* **Caption-style text data**
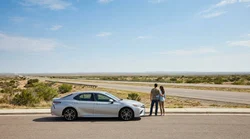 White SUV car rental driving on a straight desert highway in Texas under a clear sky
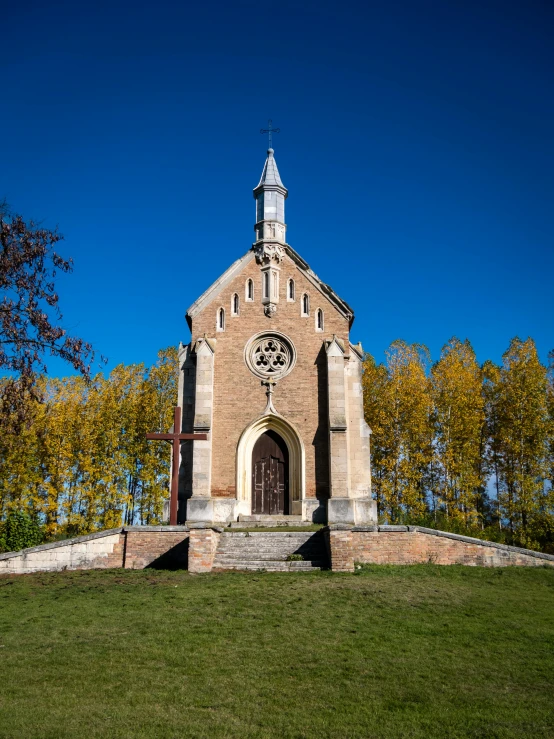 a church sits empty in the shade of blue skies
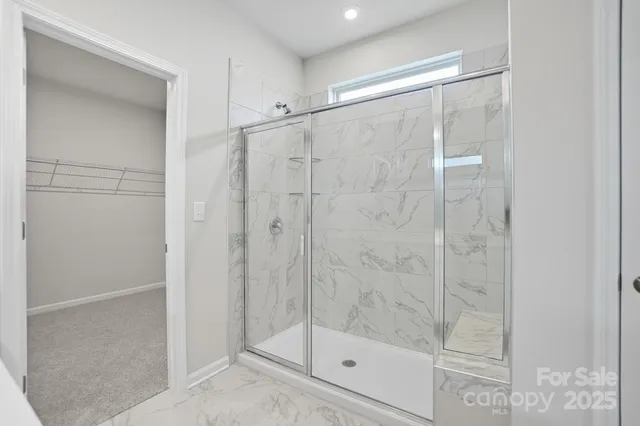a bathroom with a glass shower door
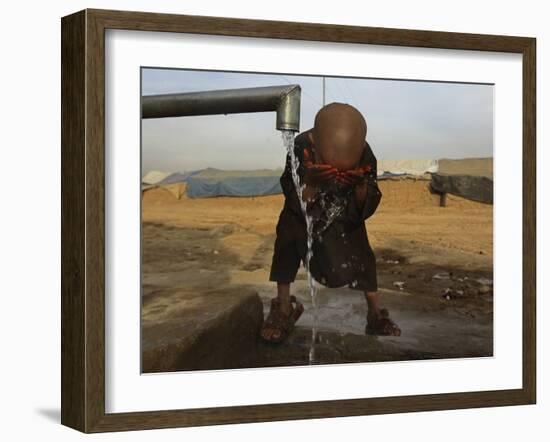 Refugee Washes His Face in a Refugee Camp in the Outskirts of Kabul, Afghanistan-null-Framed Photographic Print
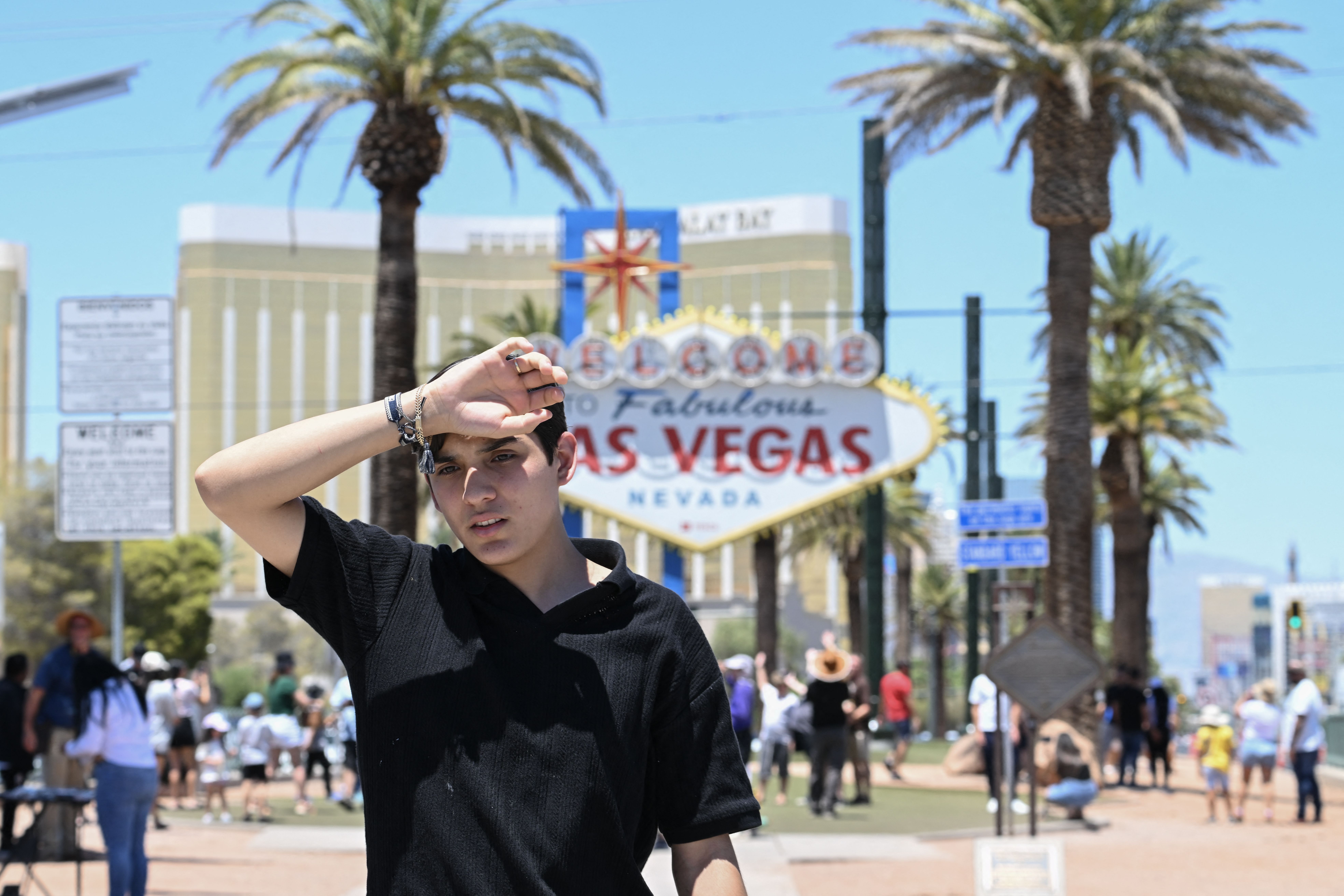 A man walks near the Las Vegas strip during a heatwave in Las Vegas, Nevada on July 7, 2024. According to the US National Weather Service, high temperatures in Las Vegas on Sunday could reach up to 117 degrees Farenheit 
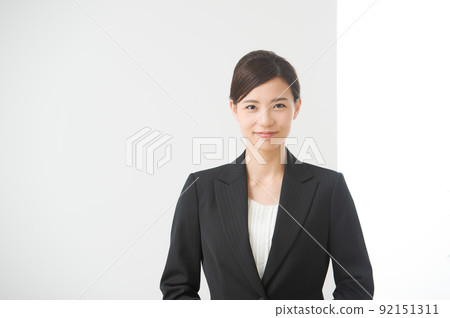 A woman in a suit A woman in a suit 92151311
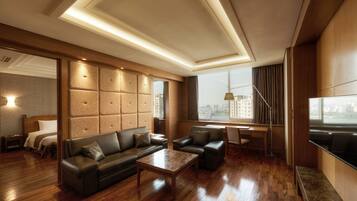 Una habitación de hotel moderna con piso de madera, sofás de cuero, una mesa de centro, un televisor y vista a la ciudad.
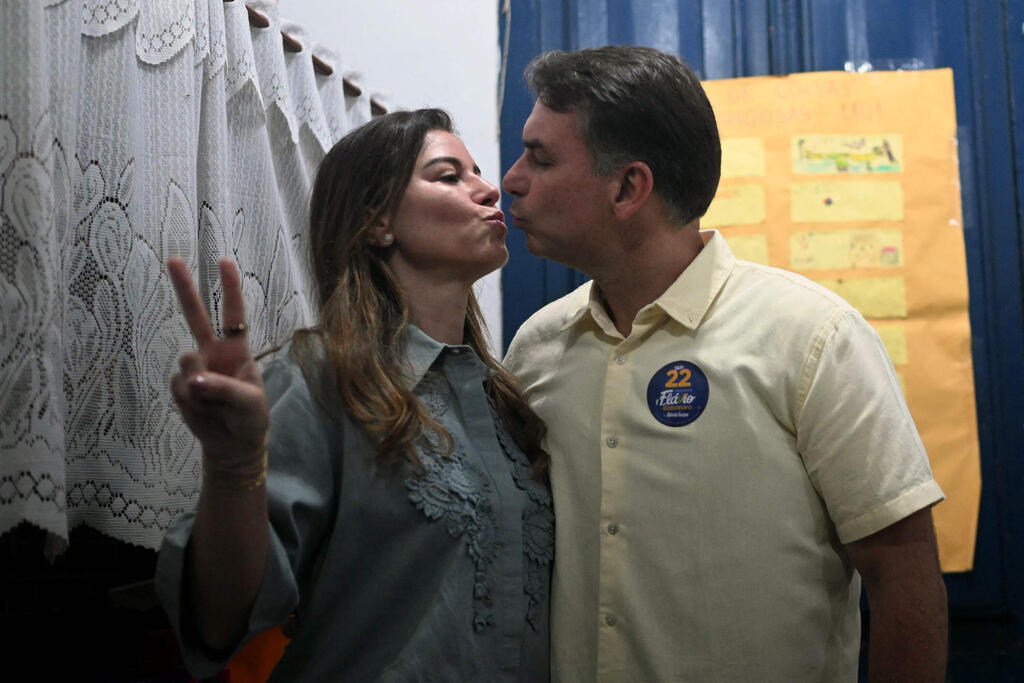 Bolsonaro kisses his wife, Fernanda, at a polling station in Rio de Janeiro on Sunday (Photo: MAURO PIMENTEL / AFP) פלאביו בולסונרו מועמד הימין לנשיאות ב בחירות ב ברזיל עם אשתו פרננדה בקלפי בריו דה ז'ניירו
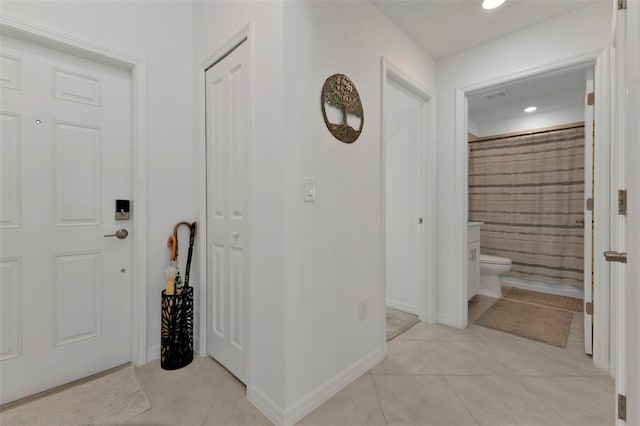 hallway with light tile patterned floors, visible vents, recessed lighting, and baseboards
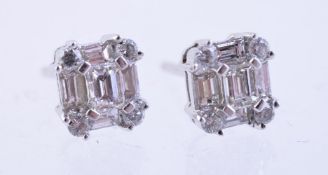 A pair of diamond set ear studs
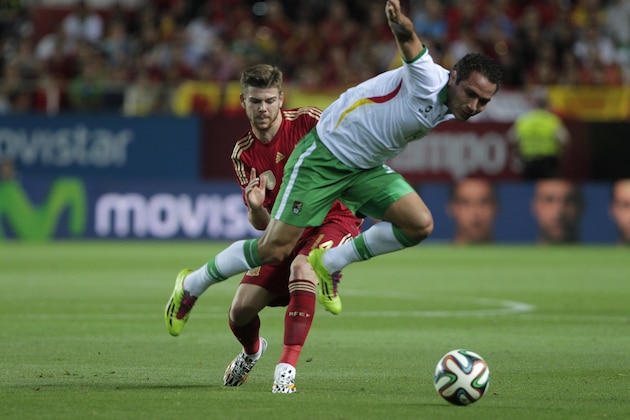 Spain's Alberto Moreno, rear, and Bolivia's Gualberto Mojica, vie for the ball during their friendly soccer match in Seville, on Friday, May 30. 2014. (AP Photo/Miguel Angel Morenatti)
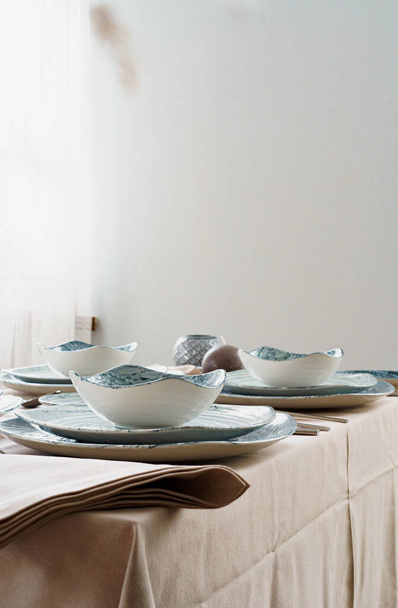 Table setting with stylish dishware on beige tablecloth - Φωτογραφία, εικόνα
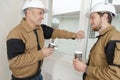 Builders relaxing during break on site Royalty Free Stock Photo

* **Task instructions**
With pictures omitted, reproduce exactly the lines from the line containing "Bolsonaro kisses his" through the end of the data above.

* **Solution to the exercise**
 Bolsonaro kisses his wife, Fernanda, at a polling station in Rio de Janeiro on Sunday (Photo: MAURO PIMENTEL / AFP) פלאביו בולסונרו מועמד הימין לנשיאות ב בחירות ב ברזיל עם אשתו פרננדה בקלפי בריו דה ז'ניירו
 hallway with light tile patterned floors, visible vents, recessed lighting, and baseboards
 A pair of diamond set ear studs
 Spain's Alberto Moreno, rear, and Bolivia's Gualberto Mojica, vie for the ball during their friendly soccer match in Seville, on Friday, May 30. 2014. (AP Photo/Miguel Angel Morenatti)
 Table setting with stylish dishware on beige tablecloth - Φωτογραφία, εικόνα
 Builders relaxing during break on site Royalty Free Stock Photo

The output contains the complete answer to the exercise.